Kırgızistan Devlet Başkanı Kurmanbek Bakiyev protesto edildi – 7 Nisan |
2010’da sıcak gelişmelere sahne olan bir diğer Asya ülkesi, Kırgızistan idi. Nisan 2010’daki ayaklanmalar, devlet başkanını koltuğundan etti. Ayaklanmanın temel çıkış noktası, ekonomik sıkıntılardı. Şubat ayında, kışın tam da ortasında, sık sık yaşanan elektrik kesintileri yetmezmiş gibi, elektriğe ve doğalgaza % 170-400 dolaylarında zam yapıldı.
Öte yandan, ayaklanmalarda hangi güçlerin yer aldığını saptamak zor. Zor; çünkü Kırgızistan, Afganistan’a, Pakistan’a ve Çin’e coğrafi olarak yakın bir ülke olarak, Rusya ile ABD arasındaki paylaşım kavgası içinde, bir metronom gibi bir o yana bir bu yana giden bir ülke. Manas Askeri Üssü, ABD ve Rusya arasındaki kavganın nirengi noktalarından biri.

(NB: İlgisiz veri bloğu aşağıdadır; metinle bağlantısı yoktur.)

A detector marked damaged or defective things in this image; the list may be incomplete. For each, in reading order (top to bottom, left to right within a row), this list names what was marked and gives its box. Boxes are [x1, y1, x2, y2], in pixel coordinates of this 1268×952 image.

Koltuğundan olan eski devlet başkanı Bakiyev’in ifadesine göre, ayaklanma, Rusya’nın işiydi; çünkü ona göre, ayaklanmanın, kendisinin ABD’nin Manas’ı kullanım süresini uzatma kararı aldığı bir dönemde çıkmış olması, rastlantı olamazdı. Öyle ya da böyle, ayaklanma sürecindeki çatışmalarda, yaklaşık 88 kişi öldü. Ayaklanmacılar, ellerine geçirdikleri bakanları, öldüresiye dövdüler. Bakiyev karşıtlarıyla Bakiyev yanlılarının gösterileri, günler sürdü. Ayaklanmacılar, polisi, orduyu, medyayı ve yargıyı ele geçirdikten sonra, Bakiyev’in göstericilerin öldürülmesi dolayısıyla yargılanması için yakalama emri çıkardılar. Bakiyev, sonunda, yurtdışına kaçtı ve hem ülke içinden hem de ülke dışından yapılan baskılar dolayısıyla, devlet başkanlığından istifa ettiğini açıkladı. Geçici hükümet ise, bir yandan, iç savaşı engellemek için, onun, sürgün olarak yurtdışına çıkmasını önermişken; bir yandan da, gösterici ölümleri dolayısıyla yargı önüne çıkması için girişimlerde bulundu.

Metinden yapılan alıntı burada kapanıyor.